The Food and Drug Administration issued a Question & Answers factsheet discussing the issue, saying apple and other fruit juices are safe to drink.
“There is currently no evidence to suggest a public health risk from fruit juices, including apple juice,” the FDA said.
“Small amounts” of organic and inorganic arsenic may be found in certain food and beverage products, the FDA. The agency says inorganic forms of arsenic are harmful while organic forms are “essentially harmless.”
The Dr. Oz report did not distinguish between the two types.
"The FDA has reviewed the test results performed by EMSL Analytical, Inc., on behalf of the Dr. Oz Show, and we can confirm that the results that were revealed are for total arsenic. The results do not distinguish between the essentially harmless organic forms of arsenic and the harmful inorganic forms of arsenic. Therefore, these results cannot be used to determine whether there is an unsafe amount of arsenic in the juice tested by the Dr.
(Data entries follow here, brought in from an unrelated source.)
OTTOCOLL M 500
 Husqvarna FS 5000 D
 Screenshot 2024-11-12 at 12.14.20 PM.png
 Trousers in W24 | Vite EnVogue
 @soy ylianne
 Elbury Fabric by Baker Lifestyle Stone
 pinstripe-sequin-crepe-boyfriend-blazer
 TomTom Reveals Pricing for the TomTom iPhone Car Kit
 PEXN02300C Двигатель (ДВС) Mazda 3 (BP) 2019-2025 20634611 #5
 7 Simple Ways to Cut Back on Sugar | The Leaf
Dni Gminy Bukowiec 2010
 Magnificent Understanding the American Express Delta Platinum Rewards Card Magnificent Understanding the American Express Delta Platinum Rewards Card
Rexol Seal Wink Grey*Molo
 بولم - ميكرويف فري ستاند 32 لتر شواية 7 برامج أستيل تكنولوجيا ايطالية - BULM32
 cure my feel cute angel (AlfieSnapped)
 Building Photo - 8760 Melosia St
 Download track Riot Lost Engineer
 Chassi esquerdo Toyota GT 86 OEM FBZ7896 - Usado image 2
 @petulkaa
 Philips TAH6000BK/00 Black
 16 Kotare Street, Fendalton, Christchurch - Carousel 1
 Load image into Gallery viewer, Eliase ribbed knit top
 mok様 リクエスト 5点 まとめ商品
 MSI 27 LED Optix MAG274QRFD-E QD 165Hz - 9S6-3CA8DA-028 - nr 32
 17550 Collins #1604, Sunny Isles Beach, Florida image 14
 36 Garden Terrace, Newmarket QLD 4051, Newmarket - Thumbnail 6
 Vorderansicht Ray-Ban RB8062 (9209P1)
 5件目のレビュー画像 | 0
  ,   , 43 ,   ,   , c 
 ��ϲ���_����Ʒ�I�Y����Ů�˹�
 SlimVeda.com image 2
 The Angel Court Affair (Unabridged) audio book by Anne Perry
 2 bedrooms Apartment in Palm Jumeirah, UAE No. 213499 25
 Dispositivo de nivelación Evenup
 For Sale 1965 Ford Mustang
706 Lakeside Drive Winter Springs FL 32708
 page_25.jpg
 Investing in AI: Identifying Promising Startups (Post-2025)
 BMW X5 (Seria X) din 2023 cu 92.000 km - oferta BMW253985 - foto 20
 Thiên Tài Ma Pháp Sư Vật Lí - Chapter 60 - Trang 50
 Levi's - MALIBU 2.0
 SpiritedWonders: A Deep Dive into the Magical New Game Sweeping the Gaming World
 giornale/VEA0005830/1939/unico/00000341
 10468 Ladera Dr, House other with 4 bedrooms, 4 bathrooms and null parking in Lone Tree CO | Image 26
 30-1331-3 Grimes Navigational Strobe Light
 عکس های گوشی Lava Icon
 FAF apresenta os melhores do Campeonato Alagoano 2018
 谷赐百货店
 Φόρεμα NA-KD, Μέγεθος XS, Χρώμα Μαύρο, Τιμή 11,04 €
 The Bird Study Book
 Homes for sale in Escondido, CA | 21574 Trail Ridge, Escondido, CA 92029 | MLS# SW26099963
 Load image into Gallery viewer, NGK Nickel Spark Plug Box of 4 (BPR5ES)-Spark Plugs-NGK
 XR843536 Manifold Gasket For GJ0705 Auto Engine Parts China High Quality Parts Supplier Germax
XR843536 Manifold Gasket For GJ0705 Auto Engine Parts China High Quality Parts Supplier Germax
Oz Show,” the FDA said.
The FDA also explained that the standard for arsenic in bottled water was set by a law known as the Safe Drinking Water Act.
“This standard is based on a variety of factors, including a higher estimated consumption for drinking water than for apple juice. In addition, the form of arsenic in drinking water, unlike fruit juice, is almost entirely inorganic arsenic,” the FDA said.